Online shopping is great.
It's quick, convenient and doesn't require laborious trips to malls or talking to stressed shop assistants.
However, online shopping has a massive and growing problem.
As more and more people discover the joys of e-commerce, the industry is exponentially growing the amount of waste that it produces.
Cardboard boxes, waybill plastic, inner packaging material - all of which ends up in landfill if the consumer doesn't bother to recycle it.
This year, Single's Day in China [November 11] meant that 675 million packages had to be delivered - that is more than 10 times the population of South Africa.

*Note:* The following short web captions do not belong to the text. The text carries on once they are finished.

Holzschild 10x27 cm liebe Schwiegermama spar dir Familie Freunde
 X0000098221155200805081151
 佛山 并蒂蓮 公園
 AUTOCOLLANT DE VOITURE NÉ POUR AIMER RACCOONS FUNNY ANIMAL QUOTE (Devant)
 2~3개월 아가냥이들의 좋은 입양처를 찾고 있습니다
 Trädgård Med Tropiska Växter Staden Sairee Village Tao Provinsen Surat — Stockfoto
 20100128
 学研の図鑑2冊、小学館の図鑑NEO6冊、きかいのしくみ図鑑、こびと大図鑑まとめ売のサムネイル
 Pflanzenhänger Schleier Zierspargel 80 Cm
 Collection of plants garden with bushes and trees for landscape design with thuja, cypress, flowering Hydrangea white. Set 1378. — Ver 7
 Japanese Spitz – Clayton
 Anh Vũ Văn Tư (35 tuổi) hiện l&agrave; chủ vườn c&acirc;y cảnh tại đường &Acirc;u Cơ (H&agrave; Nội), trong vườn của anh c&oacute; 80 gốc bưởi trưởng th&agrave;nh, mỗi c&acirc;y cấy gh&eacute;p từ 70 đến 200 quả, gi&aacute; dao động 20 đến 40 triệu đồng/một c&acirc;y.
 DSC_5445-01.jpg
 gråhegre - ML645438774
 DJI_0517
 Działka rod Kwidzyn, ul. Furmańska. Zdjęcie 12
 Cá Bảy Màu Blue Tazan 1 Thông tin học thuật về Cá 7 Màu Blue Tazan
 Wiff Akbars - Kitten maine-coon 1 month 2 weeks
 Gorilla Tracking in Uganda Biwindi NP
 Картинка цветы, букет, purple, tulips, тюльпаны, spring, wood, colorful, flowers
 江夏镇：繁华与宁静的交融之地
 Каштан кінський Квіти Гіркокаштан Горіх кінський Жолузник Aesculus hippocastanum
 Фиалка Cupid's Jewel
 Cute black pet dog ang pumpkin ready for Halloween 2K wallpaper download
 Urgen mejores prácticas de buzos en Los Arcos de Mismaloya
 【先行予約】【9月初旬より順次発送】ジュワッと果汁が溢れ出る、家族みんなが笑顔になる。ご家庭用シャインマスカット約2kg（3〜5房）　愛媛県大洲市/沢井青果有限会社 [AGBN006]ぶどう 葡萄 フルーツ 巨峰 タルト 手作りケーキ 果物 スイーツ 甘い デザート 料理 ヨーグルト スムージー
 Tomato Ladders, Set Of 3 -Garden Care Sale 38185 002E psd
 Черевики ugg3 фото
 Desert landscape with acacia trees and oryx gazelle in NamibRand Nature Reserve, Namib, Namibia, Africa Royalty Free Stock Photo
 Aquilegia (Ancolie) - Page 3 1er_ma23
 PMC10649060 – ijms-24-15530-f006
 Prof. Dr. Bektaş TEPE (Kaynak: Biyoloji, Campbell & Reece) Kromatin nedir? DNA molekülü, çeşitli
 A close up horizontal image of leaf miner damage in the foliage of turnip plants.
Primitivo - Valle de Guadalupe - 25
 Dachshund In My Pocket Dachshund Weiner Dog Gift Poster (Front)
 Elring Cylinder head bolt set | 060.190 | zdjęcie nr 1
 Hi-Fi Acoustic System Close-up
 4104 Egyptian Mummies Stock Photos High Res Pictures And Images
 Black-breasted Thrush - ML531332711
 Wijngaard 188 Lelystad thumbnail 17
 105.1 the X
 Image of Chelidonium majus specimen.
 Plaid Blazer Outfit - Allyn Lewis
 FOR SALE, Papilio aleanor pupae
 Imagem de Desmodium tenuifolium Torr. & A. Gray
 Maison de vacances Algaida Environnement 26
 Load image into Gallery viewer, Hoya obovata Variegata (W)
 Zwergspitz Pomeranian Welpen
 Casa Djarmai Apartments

'Greenpeace estimates that Singles’ Day generated 52,400 metric tons of carbon dioxide from manufacturing, packaging and shipping in 2017. The national railway has to employ hundreds of high-speed trains to help with deliveries every year.'
'According to a report released by Oceana Canada last week, the waste created by Amazon’s plastic packaging, which is based on an analysis of e-commerce packaging data, would circle the Earth more than 500 times.'
'Combined with findings from a recent study published in Science, it’s estimated that as much as 10 million kilograms of Amazon’s plastic packaging polluted the world’s freshwater ecosystems in 2019.' So while Jeff Bezos makes billions of dollars, the rest of us are left with the mess to clean up, using tax payers money.
Black Friday and Cyber Monday might seem like a bargain for consumers, but the environmental backlash from the packaging footprint that these occasions produce is astronomical.
With the popularity of online shopping forecast to increase - the packaging waste problem is one that will need to be addressed and solved smartly.